March 19, 2022 11:27 IST

'Under the more strident Modi version of Hindutva, Nehru has almost become a contemporary political figure.'
'The ruling party knows that without total erasure and distortion of Nehru, their fantasies will always be wobbly.'

IMAGE: India's first prime minister Jawaharlal Nehru during pre-Independence. Photograph: Getty Images

Launching the celebrations for Azadi ka Amrut Mahotsav -- 75 years of India's Independence -- Prime Minister Narendra Damodardas Modi said the next 25 years, from the 75th to the 100th year of Independence, would be India's Amrit Kaal (virtuous period).

In an earlier speech, Modi had said India 'wasted the first 25 years' after Independence and hence we should 'start working' for the next 25 years.

In his Amrit Kaal speech (external link), Modi said, '...in the 75 years after Independence, a malaise has afflicted our society, our nation and all of us. It is that we turned away from our duties and did not give them primacy. In the last 75 years, we only kept talking about rights, fighting for rights and wasting our time. India lost considerable time because duties were not accorded priority. We can make up for the gap which has been created due to primacy about rights while keeping duties at bay in these 75 years by discharging duties in the next 25 years.'

In 1931, during the Karachi session of the Congress, a resolution was passed listing out fundamental rights that the Indian State must adhere to, which later formed the basis of Fundamental Rights provided in the Indian Constitution. The resolution was originally drafted by Jawaharlal Nehru, but some Congress members made changes to it later.

Thus, Modi's downplaying of insistence on rights and focussing on duties instead is seen as opposite to the approach Nehru took.

However, in his famous speech delivered on the midnight of August 14, 1947, Nehru also spoke about taking 'a pledge of dedication to the service of India and her people'.

Professor Purushottam Agrawal, author of Who is Bharat Mata: A collection of writings by and about Nehru, explains Nehru's ideas on freedom, liberty, democracy and other issues and the present dispensations antipathy towards India's first PM, in an e-mail interview with Rediff.com's Utkarsh Mishra.

 

Nehru's two most famous speeches are 'Tryst with Destiny', which he delivered on the midnight of August 14, 1947, and 'Light has gone out of our lives', his address on January 30, 1948, after Mahatma Gandhi's assassination. We know that the latter was delivered ex-tempore.
Is it true that the former was also not a written speech as the draft of what was actually written was lost? If yes, then can you tell us more about the story behind it? How did Nehru go about his various speeches?

One of the Hindutva brigade's 'charges' against Nehru is that he chose to deliver his very first prime ministerial speech not in Hindi, but in English, and like many such 'charges' it is also false.

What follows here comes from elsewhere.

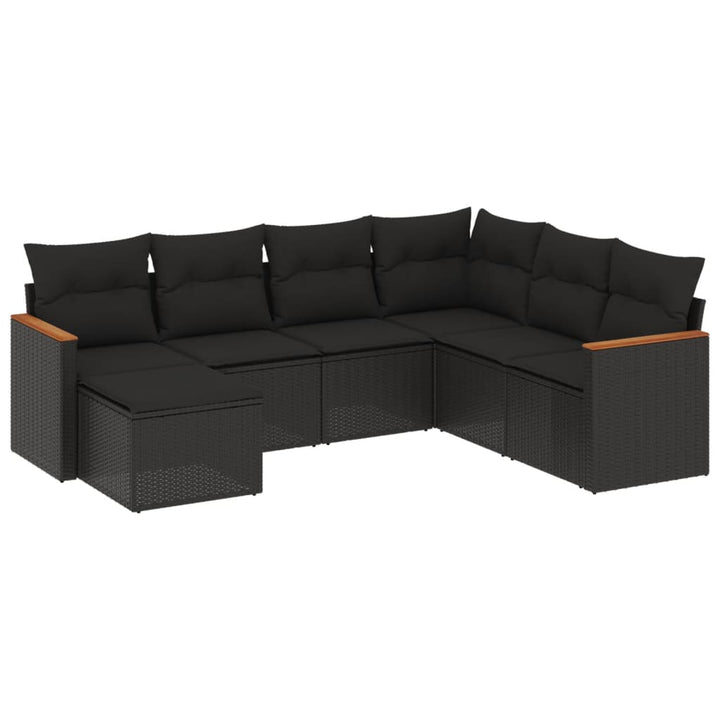 sofasæt til haven 7 dele med hynder polyrattan sort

In fact, going by Constituent Assembly proceedings (Book 1, Tabular statement and vol. I-VI, p. 3-4), he first spoke in 'Hindustani' (the proceedings say, 'translated from Hindustani') and then read out the 'resolution' in English; the content was the same, but the speech, being ex-tempore, had a flavour of spoken word including occasional repetitions, the resolution was crisp.

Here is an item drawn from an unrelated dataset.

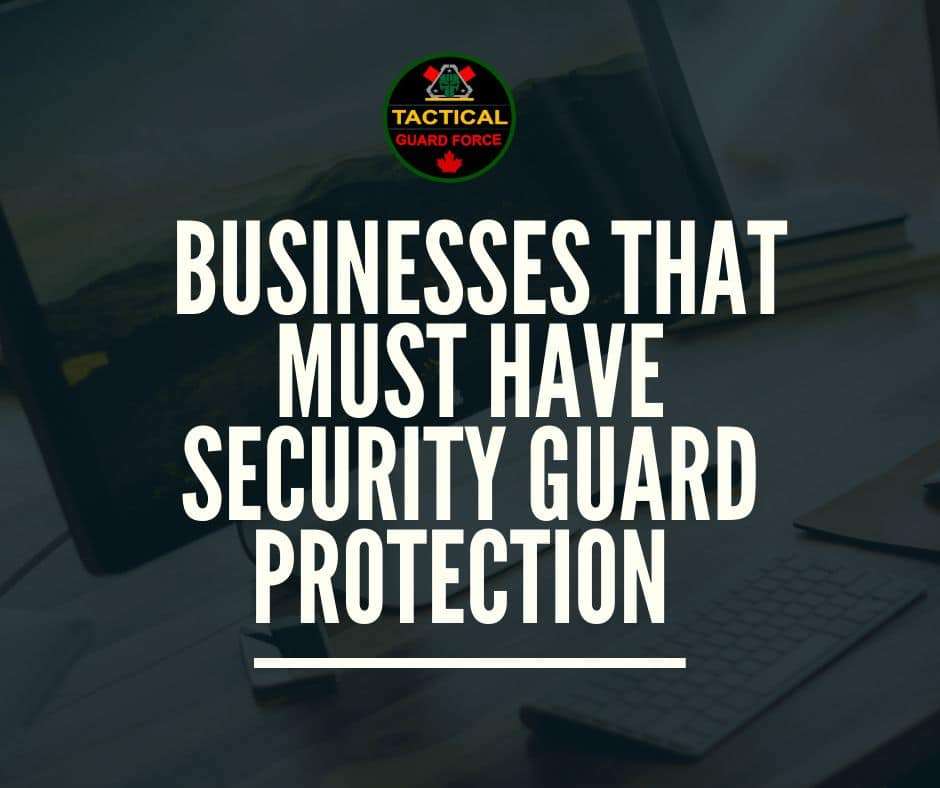 BUSINESSES THAT MUST HAVE SECURITY GUARD PROTECTION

This 'resolution' is known as the famous 'Tryst with Destiny' speech.

Maybe, he had also prepared a crisp draft for speech in Hindustani, but had to deliver it ex-tempore. (I am grateful to my friend Shri Piyush Babele for making this reference available.)

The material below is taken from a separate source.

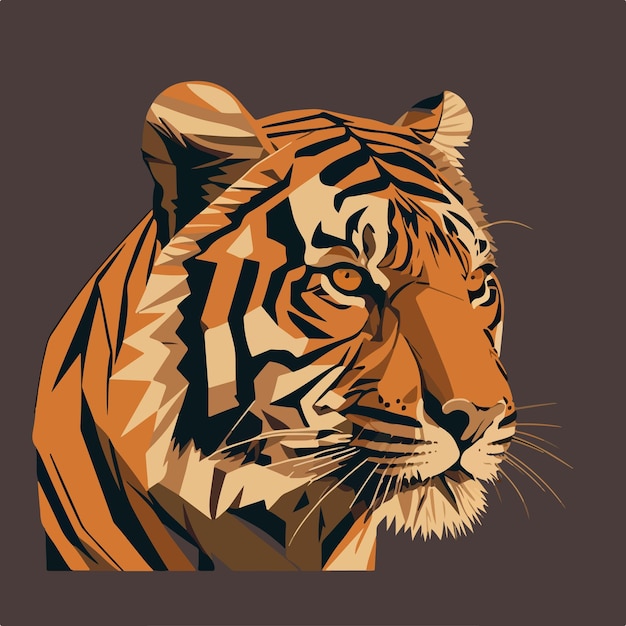 Vector hand-drawn design tiger flat illustration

In Freedom at Midnight, author Larry Collins says that Nehru was informed about the bloodbath in Lahore only some time before he was to speak. He was very upset and wondered what is he going to say at such a time. Yet the speech that he gave became one of the century's greatest. What does it say about Nehru's eloquence and erudition?

Nehru was not only erudite, but also given to philosophical reflections.

He always used to put different events and trends in a larger, holistic perspective of history. The New York Times described his Glimpses of World History as 'one of the most remarkable books ever written', noting that, 'One is awed by the breadth of Nehru's culture'.

The tryst with destiny speech is a fine example of this 'breadth'.

He realised the irony of Indian independence coming with horrible slaughter.

As the leader of free India, he recognised and at the outset reminded his fellow citizens, 'we shall redeem our pledge not wholly or in full measure, but very substantially'.

In such an hour, when the elation of freedom was mixed with sorrow of human suffering, a 'philosopher king' would remind people that the full realisation of pledge will need incessant striving along with fortitude and empathy.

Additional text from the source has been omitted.